### Your task
Give back every entry, exactly as written.

### The records
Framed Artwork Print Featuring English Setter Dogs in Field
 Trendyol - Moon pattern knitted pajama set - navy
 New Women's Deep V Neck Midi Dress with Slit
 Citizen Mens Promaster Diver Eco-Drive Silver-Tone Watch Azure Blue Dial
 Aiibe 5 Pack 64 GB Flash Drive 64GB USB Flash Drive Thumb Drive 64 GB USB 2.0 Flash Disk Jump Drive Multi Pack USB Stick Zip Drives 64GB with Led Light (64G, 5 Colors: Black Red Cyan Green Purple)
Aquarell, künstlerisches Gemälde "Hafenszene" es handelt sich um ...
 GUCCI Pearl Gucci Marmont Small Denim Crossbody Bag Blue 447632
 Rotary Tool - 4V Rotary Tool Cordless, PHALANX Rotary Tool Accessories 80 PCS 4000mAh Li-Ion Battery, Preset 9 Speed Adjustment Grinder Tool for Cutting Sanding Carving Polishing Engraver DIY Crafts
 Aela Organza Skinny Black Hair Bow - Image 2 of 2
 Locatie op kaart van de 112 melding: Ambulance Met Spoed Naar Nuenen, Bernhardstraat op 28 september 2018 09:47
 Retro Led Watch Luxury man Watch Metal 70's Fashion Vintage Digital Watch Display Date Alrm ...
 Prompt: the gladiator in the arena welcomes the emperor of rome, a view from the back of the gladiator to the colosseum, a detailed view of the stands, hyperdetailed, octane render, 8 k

### Expected output
Framed Artwork Print Featuring English Setter Dogs in Field
 Trendyol - Moon pattern knitted pajama set - navy
 New Women's Deep V Neck Midi Dress with Slit
 Citizen Mens Promaster Diver Eco-Drive Silver-Tone Watch Azure Blue Dial
 Aiibe 5 Pack 64 GB Flash Drive 64GB USB Flash Drive Thumb Drive 64 GB USB 2.0 Flash Disk Jump Drive Multi Pack USB Stick Zip Drives 64GB with Led Light (64G, 5 Colors: Black Red Cyan Green Purple)
Aquarell, künstlerisches Gemälde "Hafenszene" es handelt sich um ...
 GUCCI Pearl Gucci Marmont Small Denim Crossbody Bag Blue 447632
 Rotary Tool - 4V Rotary Tool Cordless, PHALANX Rotary Tool Accessories 80 PCS 4000mAh Li-Ion Battery, Preset 9 Speed Adjustment Grinder Tool for Cutting Sanding Carving Polishing Engraver DIY Crafts
 Aela Organza Skinny Black Hair Bow - Image 2 of 2
 Locatie op kaart van de 112 melding: Ambulance Met Spoed Naar Nuenen, Bernhardstraat op 28 september 2018 09:47
 Retro Led Watch Luxury man Watch Metal 70's Fashion Vintage Digital Watch Display Date Alrm ...
 Prompt: the gladiator in the arena welcomes the emperor of rome, a view from the back of the gladiator to the colosseum, a detailed view of the stands, hyperdetailed, octane render, 8 k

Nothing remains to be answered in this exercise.